A Torino il 26 giugno 1983 a tarda sera, in via Sommacampagna, breve lembo d’asfalto che dalle prime pendenze della precollina collina torinese si affaccia sul Po, tra i due ponti più centrali della città, viene ucciso il Procuratore Bruno Caccia. Un omicidio che lascia sgomenti: Torino, tra il 1976 e il 1982 ha assistito a 17 omicidi e a oltre 50 “gambizzazioni”, e con quest’ultimo si teme un ritorno dell’incubo del terrorismo.
Ma chi era Bruno Caccia? È stato il pubblico ministero che ha rinviato a giudizio il nucleo storico delle Brigate Rosse (vedi processi a Renato Curcio, Fabrizio Peci e affini), il primo atto di opposizione di uno Stato democratico al terrorismo rosso che dovrà pagare un cospicuo tributo di sangue, sia in Italia che nella stessa Torino.
Ora, dopo tanti anni, perché questo libro, dal titolo: “Tutti i nemici del Procuratore”? Che cosa significa? Una fortuita coincidenza segna l’uscita di questo testo e ne attualizza l’argomento, altrimenti relegato in un passato che appare lontano. È un testo che inizia dalla fine: il 22 dicembre 2015 la Direzione Distrettuale Antimafia di Milano arresta il presunto esecutore materiale dell’omicidio, Rocco Schirripa, panettiere. L’omicidio dunque è rubricato come omicidio di mafia, il primo che attesta l’infiltrazione della ’ndrangheta al Nord. Quindi, prima i terroristi rossi, poi la ’ndrangheta.

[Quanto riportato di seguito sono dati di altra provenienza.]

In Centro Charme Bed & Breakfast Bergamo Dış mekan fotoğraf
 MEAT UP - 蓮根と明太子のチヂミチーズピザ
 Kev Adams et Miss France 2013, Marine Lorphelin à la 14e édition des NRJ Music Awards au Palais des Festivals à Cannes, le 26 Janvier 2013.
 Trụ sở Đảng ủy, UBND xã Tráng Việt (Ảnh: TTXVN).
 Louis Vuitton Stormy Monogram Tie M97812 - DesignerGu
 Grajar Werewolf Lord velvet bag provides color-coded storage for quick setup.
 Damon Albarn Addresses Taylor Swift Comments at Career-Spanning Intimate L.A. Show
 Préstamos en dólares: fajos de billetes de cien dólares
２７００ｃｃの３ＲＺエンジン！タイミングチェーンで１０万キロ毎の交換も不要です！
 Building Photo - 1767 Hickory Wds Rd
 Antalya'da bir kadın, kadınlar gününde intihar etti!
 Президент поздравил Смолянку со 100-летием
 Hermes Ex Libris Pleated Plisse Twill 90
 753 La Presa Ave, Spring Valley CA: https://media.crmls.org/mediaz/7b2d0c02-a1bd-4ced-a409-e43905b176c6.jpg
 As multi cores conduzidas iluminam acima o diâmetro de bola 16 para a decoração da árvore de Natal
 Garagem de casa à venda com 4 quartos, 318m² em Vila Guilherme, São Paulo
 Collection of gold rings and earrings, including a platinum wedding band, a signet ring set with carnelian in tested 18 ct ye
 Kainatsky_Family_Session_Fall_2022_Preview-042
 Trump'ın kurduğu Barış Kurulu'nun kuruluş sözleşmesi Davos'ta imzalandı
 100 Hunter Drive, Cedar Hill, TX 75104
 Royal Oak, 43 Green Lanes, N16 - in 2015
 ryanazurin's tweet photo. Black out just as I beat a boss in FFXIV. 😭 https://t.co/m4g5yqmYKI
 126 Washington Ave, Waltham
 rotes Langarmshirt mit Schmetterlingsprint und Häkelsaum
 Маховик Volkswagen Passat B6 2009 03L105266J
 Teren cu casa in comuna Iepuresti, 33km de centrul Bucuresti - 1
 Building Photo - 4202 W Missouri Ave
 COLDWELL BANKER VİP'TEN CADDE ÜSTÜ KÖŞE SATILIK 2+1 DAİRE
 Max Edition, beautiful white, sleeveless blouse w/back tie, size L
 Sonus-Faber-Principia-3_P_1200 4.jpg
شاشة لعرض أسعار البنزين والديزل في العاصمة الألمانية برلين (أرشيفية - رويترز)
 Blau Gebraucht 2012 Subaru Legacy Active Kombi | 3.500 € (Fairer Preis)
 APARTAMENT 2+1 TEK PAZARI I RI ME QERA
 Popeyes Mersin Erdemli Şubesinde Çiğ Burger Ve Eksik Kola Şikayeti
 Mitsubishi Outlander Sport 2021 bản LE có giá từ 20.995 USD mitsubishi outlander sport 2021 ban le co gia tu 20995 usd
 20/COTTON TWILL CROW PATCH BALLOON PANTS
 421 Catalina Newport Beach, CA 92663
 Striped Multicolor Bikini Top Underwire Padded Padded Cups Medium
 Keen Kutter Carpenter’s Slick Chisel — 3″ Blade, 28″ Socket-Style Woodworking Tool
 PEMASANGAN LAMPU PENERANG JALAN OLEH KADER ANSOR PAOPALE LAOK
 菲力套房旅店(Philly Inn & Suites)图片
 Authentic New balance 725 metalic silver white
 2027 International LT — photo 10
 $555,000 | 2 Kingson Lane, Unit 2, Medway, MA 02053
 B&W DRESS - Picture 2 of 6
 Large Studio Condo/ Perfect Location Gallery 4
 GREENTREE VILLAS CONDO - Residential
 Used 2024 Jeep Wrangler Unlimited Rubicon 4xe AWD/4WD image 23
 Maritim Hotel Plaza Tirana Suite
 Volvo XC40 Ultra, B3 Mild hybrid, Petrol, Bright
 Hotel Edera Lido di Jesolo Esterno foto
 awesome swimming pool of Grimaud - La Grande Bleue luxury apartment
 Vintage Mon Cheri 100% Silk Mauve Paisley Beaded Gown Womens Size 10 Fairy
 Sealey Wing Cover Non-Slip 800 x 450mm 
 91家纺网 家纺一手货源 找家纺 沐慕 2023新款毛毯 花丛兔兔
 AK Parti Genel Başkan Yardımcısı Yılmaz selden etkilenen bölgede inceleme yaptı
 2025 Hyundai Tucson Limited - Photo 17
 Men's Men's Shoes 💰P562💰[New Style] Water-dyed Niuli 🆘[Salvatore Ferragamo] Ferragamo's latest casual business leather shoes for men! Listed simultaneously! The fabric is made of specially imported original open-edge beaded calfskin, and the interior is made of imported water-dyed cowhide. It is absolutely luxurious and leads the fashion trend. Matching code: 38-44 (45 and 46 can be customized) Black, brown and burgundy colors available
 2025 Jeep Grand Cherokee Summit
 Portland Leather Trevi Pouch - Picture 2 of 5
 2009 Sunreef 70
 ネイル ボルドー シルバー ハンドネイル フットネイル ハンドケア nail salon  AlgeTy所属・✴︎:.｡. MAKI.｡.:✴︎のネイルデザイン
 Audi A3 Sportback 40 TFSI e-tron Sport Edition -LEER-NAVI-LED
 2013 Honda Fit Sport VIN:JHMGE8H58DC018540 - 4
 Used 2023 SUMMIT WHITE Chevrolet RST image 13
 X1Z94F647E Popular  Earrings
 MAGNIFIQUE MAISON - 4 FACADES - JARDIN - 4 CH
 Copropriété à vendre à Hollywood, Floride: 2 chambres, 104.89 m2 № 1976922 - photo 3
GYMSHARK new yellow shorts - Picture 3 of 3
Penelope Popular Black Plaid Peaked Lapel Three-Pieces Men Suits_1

Il libro di Paola Bellone elabora però altre ipotesi. Innanzitutto raccoglie una marea di documenti che non sono mai entrati in un’aula di giustizia: e sono le testimonianze dei magistrati e degli amici torinesi, dei familiari del Procuratore. Così, pian piano, prendono forma altre piste alternative. Sullo sfondo, soprattutto, ci sono i veleni e le pesanti ambiguità del mondo della magistratura, spaccato in due nette correnti: quelli che appoggiavano il procuratore-uomo di legge, con una visione della propria professione precisa, integerrima, quasi sentita come un sacerdozio, e quelli che lo subivano come un pesante ostacolo. Quindi
“nemici interni di Bruno Caccia complici di criminali. (…) Si ricorda con amarezza alcuni anni di malcostume giudiziario dopo la sua morte, in cui fu un forte tentativo di bloccare lo sviluppo di certi processi per evitare il vaglio dibattimentale”.
Dunque il Procuratore fu ucciso perché ostacolava “colleghi disponibili”, magistrati inquinati. Un magistrato inquinato è una contraddizione di termini. Non espellerlo comporta non solo il rischio del “chi l’ha fatto una volta può rifarlo”, ma innesca un circolo vizioso: perdonato lui, si perdonerà anche il collega pigro e anche quello incompetente. Un libro interessante, pregnante, preciso nella ricostruzione dei fatti, un testo scomodo, perché forse
“un boss calabrese dalla bocca cucita è il migliore fra i colpevoli”.
Un mosaico complesso, non del tutto completo. Anche dopo trent’anni.